NAME
Web::Passwd - Web-based htpasswd Management
VERSION
Version 0.03
SYNOPSIS
Web::Passwd is a web-based utility for managing Apache htpasswd
files. It uses the CGI::Application framework, so functionality is encapsulated in the module and very little code is required to create an instance:
use Web::Passwd;
my $webapp = Web::Passwd->new();
$webapp->run();
That's it. Drop that script in a web-accessible cgi directory and give it execute permissions, and (assuming a default config file is found), you're good to go. If you'd rather explicity define a configuration file to use, you can pass it through an extra parameter:
my $webapp = Web::Passwd->new( PARAMS => { config => '/home/evan/custom_webpasswd.conf' } );
CONFIGURATION
If not explicitly provided, a configuration file will be searched for in the following locations (in order). If a valid configuration file is not found, the script will die with errors.
./webpasswd.conf (the current directory)
../webpasswd.conf (the parent directory)
/etc/webpasswd.conf
The configuration file can be used to specify a directory of templates in the HTML::Template format. If no templates are found, default templates are used (see the /example/templates
directory of the distribution).
tmpl_path = /var/www/cgi-bin/webpasswd/
The htpasswd
command can also be specified. If no htpasswd
command is provided, the default is used. Note that, on some systems, you must specify the absolute path to the htpasswd
binary.
htpasswd_command = htpasswd
The configuration file can specify whether to use the GET
(data encoded into the URL) or POST
(data encoded into the message body) form request method. Defaults to using the generally more secure POST
.
form_method = POST
The configuration file should also contain a section for each htpasswd file it will be used to maintain, using the following format:
[Descriptive Name]
path = /system/path/to/passwdfile
algorithm = {crypt|md5|sha|plain}
TECHNICAL NOTE: The default algorithm Apache uses is crypt
under Linux, and MD5
under Windows.
PITFALL: Enclosing values in quotes within the config file does not have the expected effect! It simply includes the literal quote characters in the config value.
SECURITY
It is *imperitive* that the Web::Passwd instance script itself be htpasswd protected, as it includes no access control mechanism.

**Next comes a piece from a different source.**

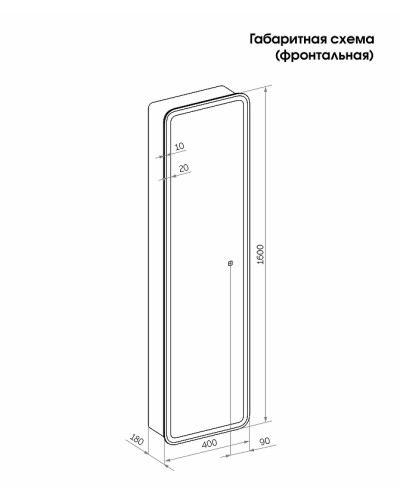 Шкаф пенал Creto Marsel 40 21-4001600WH подвесной Белый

Understand that putting the ability to manage htpasswd files via a web-based utility carries an inherent security risk, in that anyone who gains access to the utility is potentially given access to any of the managed htpasswd-protected resources.
Any htpasswd files to be managed with this utility MUST be owned by whatever user apache runs as. Usually, this is 'apache' or 'nobody'.
COMPATABILITY
This was written expressly for Apache webserver 1.3 or higher running under Linux. However, there is nothing as far as I am aware that would prevent execution on a higher version of Apache, or on Apache under Windows.
DEPENDENCIES
A Perl version of 5.6.1 or higher is recommended, and the following modules are required:
CGI::Application
Config::Tiny
HTML::Template
AUTHOR
Evan Kaufman, <evank at cpan.org>
SUPPORT
You can find documentation for this module with the perldoc command.
perldoc Web::Passwd
ACKNOWLEDGEMENTS
Written for BCD Music Group.
COPYRIGHT & LICENSE
Copyright 2007 Evan Kaufman, all rights reserved.
This program is free software; you can redistribute it and/or modify it under the same terms as Perl itself.